Universities would be "turned inside-out" and become semi-privatised franchisers of work and community-based education under plans that have impressed the authors behind the government's forthcoming lifelong learning white paper.
The proposals, which include scrapping the traditional academic calendar and breaking down institutional ivory towers, come in a policy paper submitted to the Department for Education and Employment by the Training and Enterprise Council national council.
The paper, Developing a Learning Society: a lifetime of learning, a lifetime of work, has been described as an "outstanding analysis" by John Seymore, the civil servant who is pooling submissions and drafting the white paper.
Resulting legislation is likely to have high priority in the next session of Parliament.
The paper spells out "the big picture" - what a true learning society should look like, said Mary Lord, the paper's key author and director of training and education at the TEC National Council. "We are selling a vision for the next century."
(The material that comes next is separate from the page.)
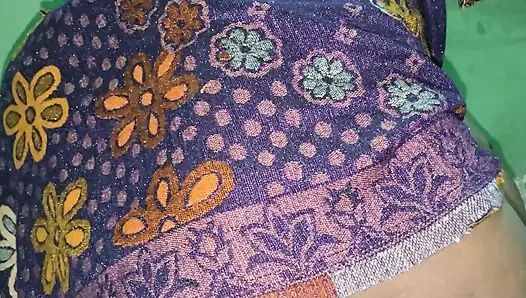 Sister-in-law took my penis in her pussy with great love.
Universities may need to prepare for a radically different role in the future, she said. "Higher education shouldn't just be about institutions. Learning should take place not in ivory tower institutions, but in all sorts of other environments.
"If we are going to take learning to learners, we can't expect individuals to always access through formal institutions. We have to turn the institutions inside-out."
She said that 50 per cent of the workforce should be in formal education each year. Her proposals include a greater commitment from universities to franchise degrees to employers, and to work more closely with their local communities.
"Rather than the traditional role of teacher or instructor," the report said, institutions should move towards designing "customised learning programmes" and providing learning technology and materials to others.